Mokkath3Cat's avatar
MoonWatcherDraws's avatar
Where do you get your supplies, and what do you use? It looks epic, but i just can't seem to make good suculpts. You inspire me so much!
HowManyDragons's avatar
I buy most of my clay from the local craft store (in my case, Michaels), but I buy many of my other supplies online from a variety of sources.

Expertise comes with practice. I've sculpted well over 1000 dragons at this point, it's really funny to go back and look at how different the very first dragon was. Even the stuff that I made a year ago looks dated to me now. My style hasn't changed drastically over time, but I'm constantly evolving and refining.
Wolfsaz's avatar
How long do they take to bake? 
I've kind of made my own roughly about the same size, and I baked it for 15 mins , which is fine, but I just want to know that's all
HowManyDragons's avatar
I follow the directions on the package of clay - 15 minutes per quarter inch of thickness. My pieces are thicker than that, so I bake for about half an hour and that works fine.
Wolfsaz's avatar
inkogeki's avatar
Hello! I was wondering if you do reserves on available dragons in your etsy store for those who cant currently afford them and are worried they'll go out of stock. Thank you~
HowManyDragons's avatar
Hi there! I can do reserves, but I don't hold items for more than a week. Was there a particular dragon you had your eye on?

If it helps, my made-to-order dragons are pretty much always in stock, and I'm generally willing to remake pendants.
inkogeki's avatar
Oh hurray! The one I had my eye on was the metallic gold/red dragon and I see now that it's in that group of the store.
Thank you very much for your quick response~
HowManyDragons's avatar
Sure, no problem. :)
seanmcchapman's avatar
Well this solved my questions ^M^
HowManyDragons's avatar
Good, that's why I wrote it! :)
Swifty52's avatar
It's interesting how you use floor sealer as glaze, but it looks really nice! Also, I might try the clay core thing that you explained because I don't post my sculptures (I'm not very good) but I have had the same problem with tinfoil, and the tinfoil can sometimes be hard to shape. :| (Blank Stare)  Thanks for sharing! :):happybounce: 
HowManyDragons's avatar
Sure, glad I could help. Tin foil armatures are the suck. =P
TheREALTwilightSpark's avatar
Any suggestions for a broke sculptor still in school? I'm planning on selling my little friends to get some pocket money, right now my parents are feeding and housing me but don't give me any money for fun stuff, so I don't have any to lay down for an Etsy shop (I've checked it out, they charge you to put stuff up >: ) and I don't know where to sell them now :T
HowManyDragons's avatar
Etsy's fees are pretty reasonable. You do need a little bit of money to get started but it's not a huge investment. You could try another site that doesn't have those fees - Artfire and Storenvy come to mind. I've never used either though, so I don't have any firsthand experience with them. I just know that they are popular Etsy alternatives. Another option is to sell online through your social media networks. I sell my premade dragons on Etsy, but I take private commissions on dA and Facebook, which I invoice directly through PayPal.
TheREALTwilightSpark's avatar
I know, but Etsy also wants you to have a credit card, which I don't have... I'll check out those other sites though, thanks for the help :3
BabyEmber's avatar
What things did you have to study in school and college to get a full time job as a sculptor? I'm planning to be one myself, but I don't know what subjects I have to study to get there. I do sculpt a lot at home, but I'm too young to sell my work, apparently. :-) 
HowManyDragons's avatar
Haha, I actually have a really limited art background - just a couple of drawing classes in high school. My academic focus was on computer science and biology. When it comes to sculpting, I'm entirely self taught.

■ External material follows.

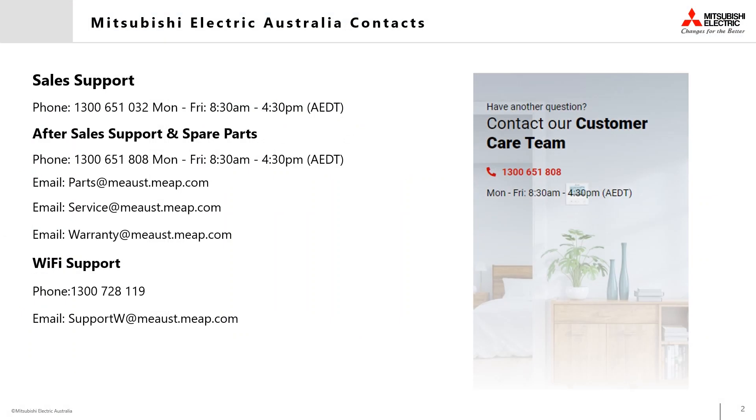For more information, contact your Mitsubishi Electric representative or the respected departments with the contact information on the screen.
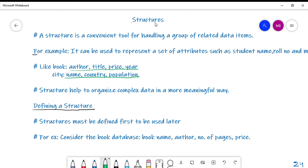Basically, structures help you organize complex data in a more meaningful way. A book has an author, a title, a price, a year it was published, and you store all of this collectively in a single structure, making it more organized and meaningful. Now let's come to the very important topic of defining a structure.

How did I end up being a full-time sculptor? First of all, I love what I do, and I make a lot of dragons. I've been sculpting dragons for many years, but I didn't get serious about it until about two years ago and I've improved a lot since then as I practice and experiment. Even my pieces from a year ago look kind of amateur compared to what I can do now. I quit my day job back in March, after several years of feeling frustrated and disillusioned about the tech sector - I make a lot less as an artist, but I am the happier for it. When you come down to it, I can pay the utility bills, but I'm not at the point where I can afford to pay rent, so I'm lucky to have a husband who's supportive of my dreams... and hopefully I'll eventually be able to scale up my business to a sustainable level.

Anyway, that's just how things worked out for me. I wouldn't discount the value of an art education. Some of my good high school friends went to art school, and they are on a whole other level. The things they make are amazing.
BabyEmber's avatar
Thank you for replying! You inspire me so much. :-)
What things did you have to study in school and college to get a full time job as a sculptor? I'm planning to be one myself, but I don't know what subjects I have to study to get there. I do sculpt a lot at home, but I'm too young to sell my work, apparently. :-)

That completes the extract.